What This Surface Owns
Canonical entity graph
Every meaningful lifecycle object has a first-class place in the graph instead of living in component-local metadata islands.
- Datasets, episodes, sensor streams, derived assets, and annotations
- Training runs, checkpoints, promoted models, and artifacts
- Deployments, telemetry, maintenance records, and intervention events
Lineage and promotion boundaries
The graph has to explain not only what exists, but how it came to exist and when mutable work became immutable promoted state.
- Upstream and downstream relationship traversal
- Immutable dataset versions, models, and release artifacts
- Audit-friendly provenance across approvals and workflows
Canonical Entity Families
Governance and ownership context
The platform needs explicit ownership and scope before it can do anything trustworthy across multiple teams or deployments.
- Organization, workspace, region, and environment ancestry
- Policy and audit-linked state where required
- Actor attribution for human, service, and robot actions
Data foundation entities
Robot data is more than a file upload. It is structured collection context, synchronized sensor streams, semantic labels, and quality decisions.
- Dataset, episode, sensor stream, and derived asset
- Annotation, annotation project, curation ruleset, and quality score
- Versioned dataset outputs used downstream by model development
Model-development entities
Training lineage is only credible when every promoted result is connected to the exact data and evaluation context that produced it.

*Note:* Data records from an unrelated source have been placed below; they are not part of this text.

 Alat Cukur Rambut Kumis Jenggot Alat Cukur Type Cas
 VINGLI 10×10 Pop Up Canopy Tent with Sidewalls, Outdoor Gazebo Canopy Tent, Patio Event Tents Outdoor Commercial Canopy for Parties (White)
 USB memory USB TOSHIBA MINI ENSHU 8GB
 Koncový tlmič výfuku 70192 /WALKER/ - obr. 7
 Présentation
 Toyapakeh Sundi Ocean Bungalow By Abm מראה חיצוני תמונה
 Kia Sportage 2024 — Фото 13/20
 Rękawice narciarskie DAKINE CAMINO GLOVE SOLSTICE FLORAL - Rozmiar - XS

- Experiment, training run, and checkpoint
- Evaluation outputs and promotion evidence
- Promoted model identity with parent-child lineage
Release and operations entities
The same graph needs to explain what was packaged, what was deployed, what happened in the field, and how those outcomes fed future decisions.
- Artifact, deployment, deployment target, and rollout history
- Telemetry event, maintenance record, and intervention event
- Robot, fleet, site, and hardware context for field behavior
Relationship Chains That Matter
The point is not a long entity list. The point is that teams can move from any downstream outcome back to the exact upstream decisions that produced it.
From raw session to deployed model
Robot -> dataset -> episode -> annotation and quality decisions -> dataset version -> training run -> model -> artifact -> deployment -> live telemetry
From field failure back to source evidence
Incident -> deployment -> artifact -> model -> training run -> dataset version -> selected episodes -> collection context
From intervention to next model improvement
Intervention -> correction capture -> review -> curation ruleset -> updated dataset version -> retraining -> evaluation -> promoted model
- Which field incidents trace back to dataset version v12?
- Which operator sessions influenced the current model at one site?
- Which benchmark cases were added because intervention frequency rose?
Why Teams Care
Traceability
Any deployment, incident, or maintenance event can be traced back to the exact data and decisions that produced it.
Cleaner handoffs
Data, ML, platform, and operations teams use one entity language instead of translating between disconnected tools.
Safer change
Robots, sensors, schemas, workflows, and environments can evolve without destroying historical continuity.
Compounding platform value
The more surface area a team adopts, the more useful the graph becomes because every new workflow enriches the same system of record.